Re^2: Create parallel database handles... (MCE::Loop)
by perlygapes (Sexton) on Apr 14, 2020 at 00:27 UTC
    Thank you 1nickt for raising my attention to the difference between DB connections and DB handles. That is a very good point.

    I readily admit that:

  • I don't understand the exact nature of how Perl uses a DBH and how Postgres sees it
  • using a separate DB connection instead for each child feels intuitively right
  • my understanding and use of the terms 'thread' and 'process' are not fully mature and somewhat imprecise
  • I have never used SQL::Abstract but upon having a cursory glance after your example it looks like a good option that may save me some code
  • I've also never used MCE - this is not as easy to understand and I'll have to look into it

      Hi again perlygapes,

      The MCE::Loop code just abstracts away all your Parallel::ForkManager logic and improves it, just as Parallel::ForkManager abstracts away and improves some of the tedious manual work of using fork() directly. See how the logic is encapsulated in a sub just like in your code, only with less concurrency boilerplate.

      "using a separate DB connection instead for each child feels intuitively right"

      I agree, the code I shared keeps a connection open for each child, which itself stays alive and handles multiple jobs from the job list as managed by MCE.

      Here's a simpler example I've shared recently showing how to parallelize existing code for making a series of HTTP requests. How would you do the same using P::FM?

      single process

      use strict; use warnings; use 5.010; use Data::Dumper; use HTTP::Tiny; use Time::HiRes 'gettimeofday', 'tv_interval'; my $ua = HTTP::Tiny->new( timeout => 10 ); my @urls = qw< gap.com amazon.com ebay.com lego.com wunderground.com imdb.com underarmour.com disney.com espn.com dailymail.com >; my %report; foreach( @urls) { my $start = [gettimeofday]; $ua->get('https://' . $_); $report{$_} = tv_interval($start, [gettimeofday]) ); }); say Dumper \%report;

      six processes
      (workers stay alive, looping through the list, writing to a shared hash)
      (one added line, two slightly changed lines)

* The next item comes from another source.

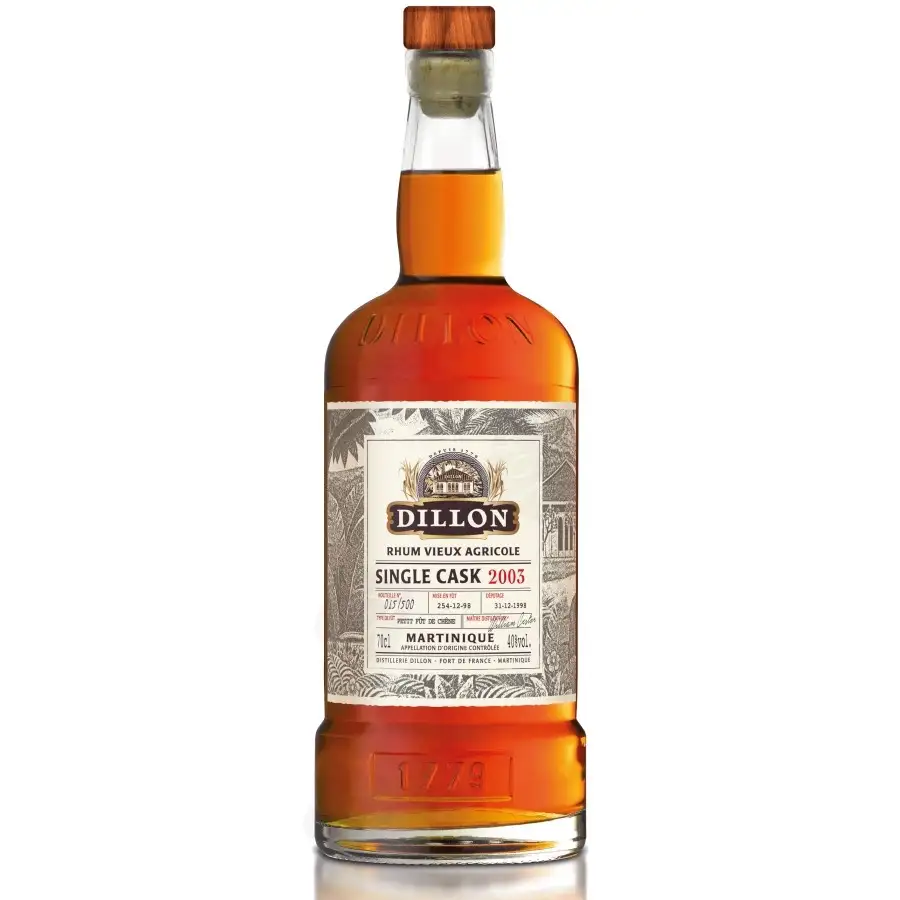 Hochauflösendes Bild von Depaz Dillon Single Cask 2003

      use strict; use warnings; use 5.010; use Data::Dumper; use HTTP::Tiny; use Time::HiRes 'gettimeofday', 'tv_interval'; use MCE; use MCE::Shared; my $ua = HTTP::Tiny->new( timeout => 10 ); my @urls = qw< gap.com amazon.com ebay.com lego.com wunderground.com imdb.com underarmour.com disney.com espn.com dailymail.com >; my $report = MCE::Shared->hash; MCE->new( max_workers => 6 )->foreach( \@urls, sub { my $start = [gettimeofday]; $ua->get('https://' . $_); $report->set( $_, tv_interval($start, [gettimeofday]) ); }); say Dumper $report->export;

      Update: fixed error in first demo code, ++choroba

      Hope this helps!



      The way forward always starts with a minimal test.
        Something I just realised that I neglected to mention in my example was that I need to apply CPU affinity in the script. That is, I need to be able to specify that 'worker 1' MUST use CPU0, 'worker 2' MUST use CPU1, etc.

        This is because I need to have another parallel code block where each worker launches an external single-threaded executable that will be accessing another DB and writing results to a third DB but these MUST NOT access and write to the same table at the same time. This affinity is in essence to avoid access conflicts/violations.

        How can this be done in MCE?

        Thanks again.
Re^2: Create parallel database handles... (MCE::Loop)
by Anonymous Monk on Apr 12, 2020 at 04:01 UTC

    While it's nice to know that mce is good at parallel code, I'm pretty sure you meant to link to MCE

      tvm


      The way forward always starts with a minimal test.